What’s ahead for Trump?
In a campaign for president packed with moments to remember, and more than a few decisions to forget, there are some that will resonate for Hillary Clinton and Donald Trump on Election Day. Here’s a look at five key points in Trump’s race for the White House that offer clues about what will happen as the campaign comes to its conclusion.
The Republican National Committee’s “autopsy” of Mitt Romney’s 2012 loss urged that the GOP reach out to minority voters, in part by passing immigration reform. Trump had other ideas. In the first moments of his candidacy, Trump said that Mexican immigrants were “bringing drugs, they’re bringing crime, they’re rapists, and some, I assume, are good people.” He pledged to build a southern border wall, putting a hard-line immigration policy at the very heart of his campaign.
The decision electrified a swath of the Republican base, many of whom felt immigrants had taken their jobs and threatened their position in society, and led to “Build the wall!” chants becoming a staple of his signature rallies. But while the plan helped separate Trump from the crowded Republican primary field, Democrats used it as means to mobilize Latino voters, and early voter turnout among Hispanics surged in battleground states like Nevada and Florida.

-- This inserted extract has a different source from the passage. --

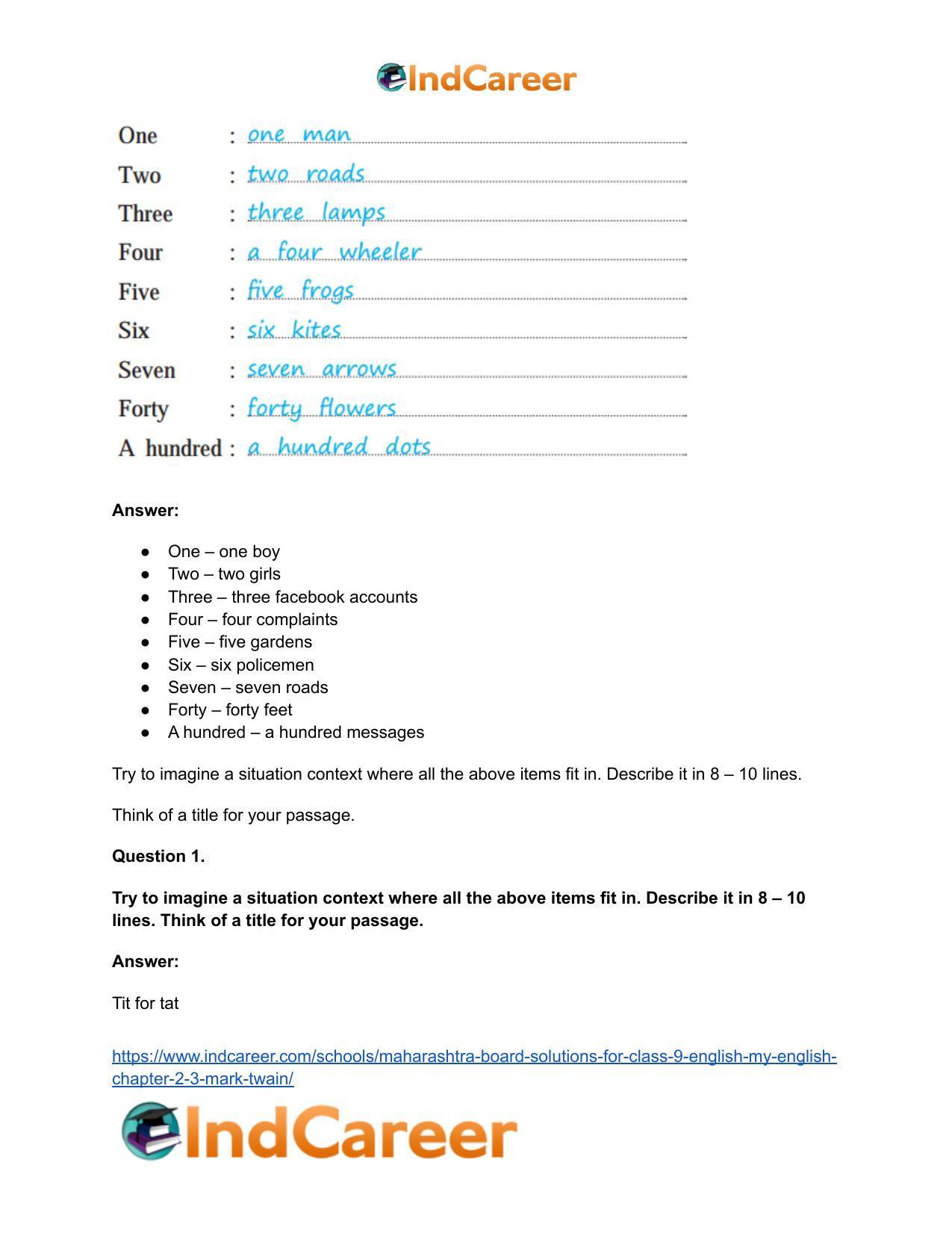 Maharashtra Board Solutions for Class 9- English (My English): Chapter 2.3- Mark Twain - Page 3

A billionaire who lives in the penthouse of a Manhattan skyscraper that bears his name is an improbable choice to be a champion of the working-class. But Trump settled on a populist rhetoric, denouncing trade deals that he says have particularly hurt Rust Belt workers and tailoring his message to white-working class voters. That pitch has allowed Trump to play in traditionally Democratic strongholds in the Midwest; most polls have him close in Michigan, Ohio, Iowa and Pennsylvania. And, win or lose, it threatens to reshape his adopted party, potentially splintering the Republican’s working class base from the GOP establishment.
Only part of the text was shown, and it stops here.